Pictures with short captions
********

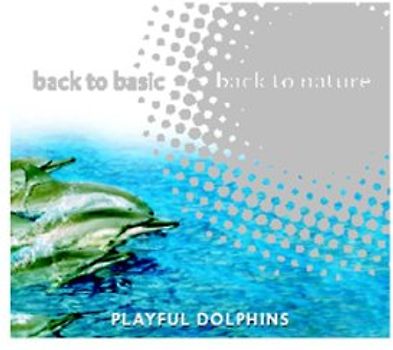 Various - Playful Dolphins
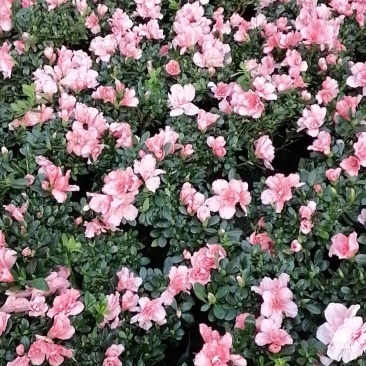 四季开花杜鹃花苗盆栽花卉植物室内客厅阳台绿色植物盆景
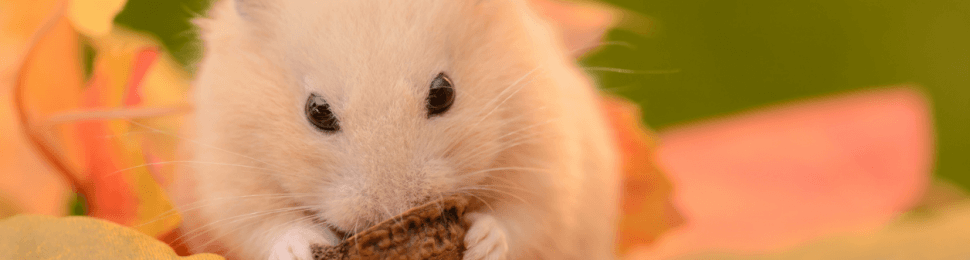 Golden hamster eats walnut by fall leaves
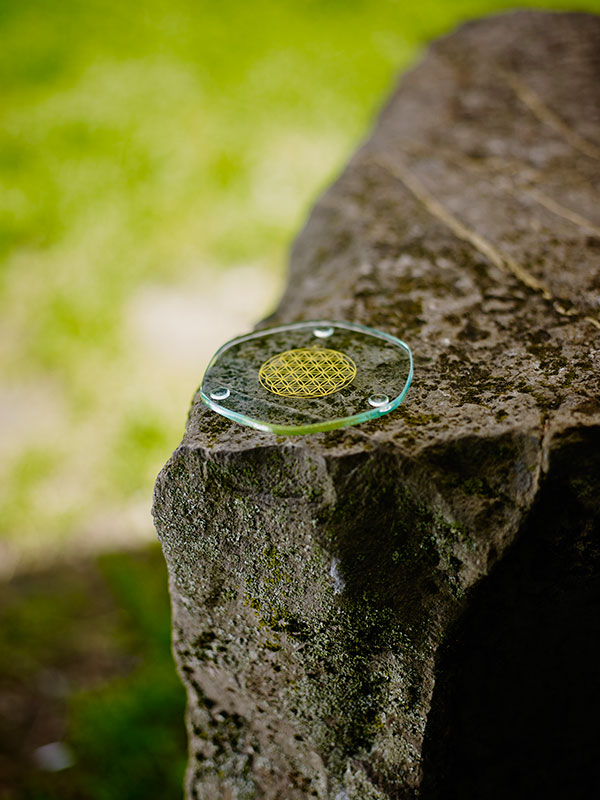 5110-small-Energy-Plate-Nature-_LoResGyk2zXihQrOcI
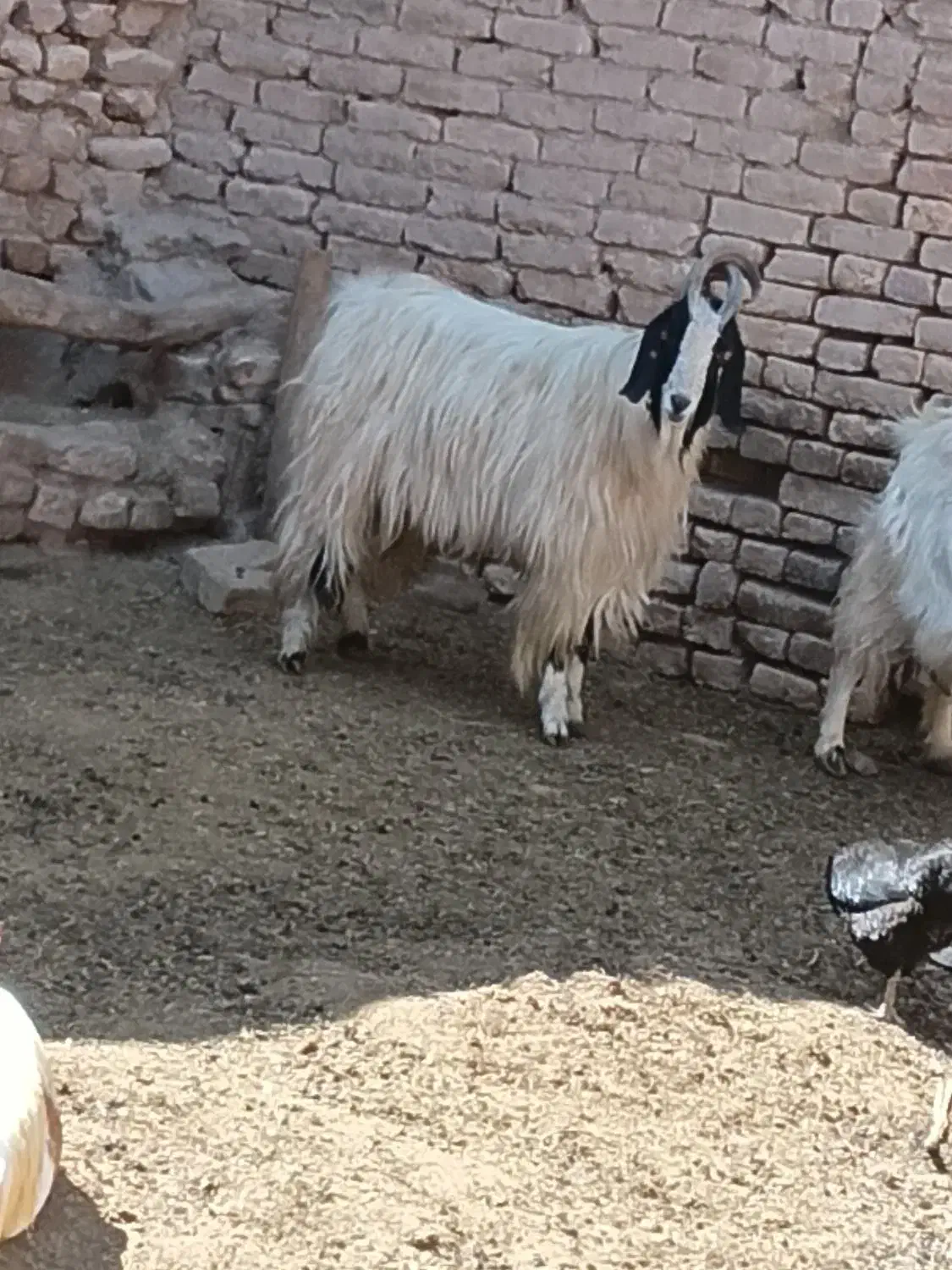 نربز|حیوانات مزرعه|مشهد, كنويست|دیوار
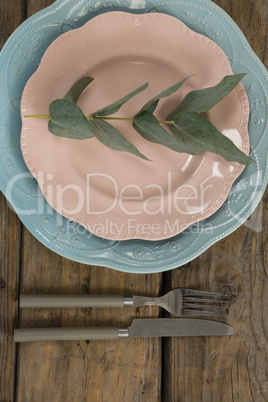 Leaf arranged on plates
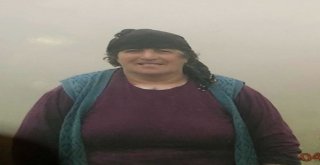 Trabzonda Herkes Seferber Oldu Onları Arıyor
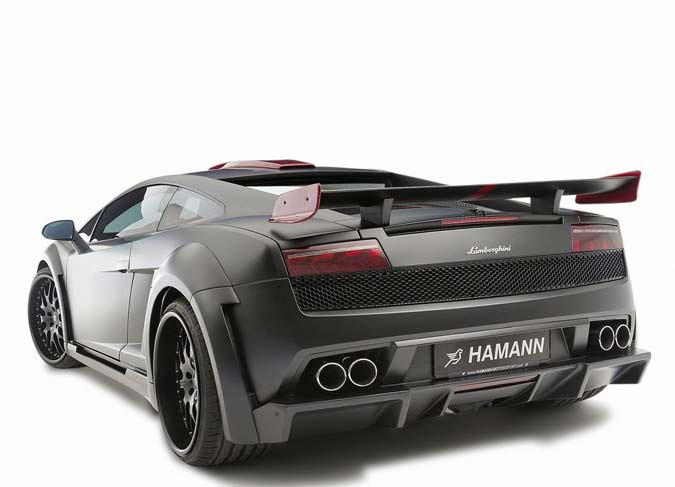 hamann victory 2010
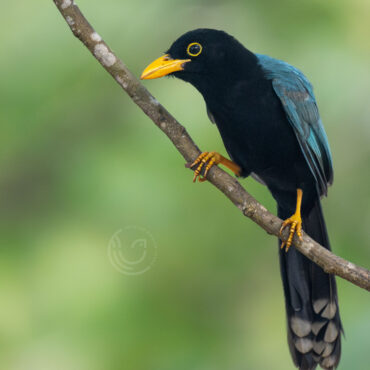 Yucatan Birding Tours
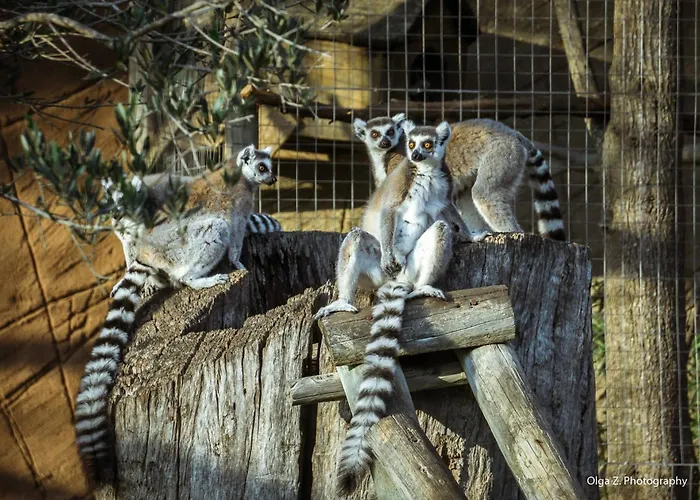 Eden Lodge, A Unique Space For Groups Villa *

********

Your instructions: With every picture removed, give the entries above again exactly.

Solution:
 Various - Playful Dolphins
 四季开花杜鹃花苗盆栽花卉植物室内客厅阳台绿色植物盆景
 Golden hamster eats walnut by fall leaves
 5110-small-Energy-Plate-Nature-_LoResGyk2zXihQrOcI
 نربز|حیوانات مزرعه|مشهد, كنويست|دیوار
 Leaf arranged on plates
 Trabzonda Herkes Seferber Oldu Onları Arıyor
 hamann victory 2010
 Yucatan Birding Tours
 Eden Lodge, A Unique Space For Groups Villa *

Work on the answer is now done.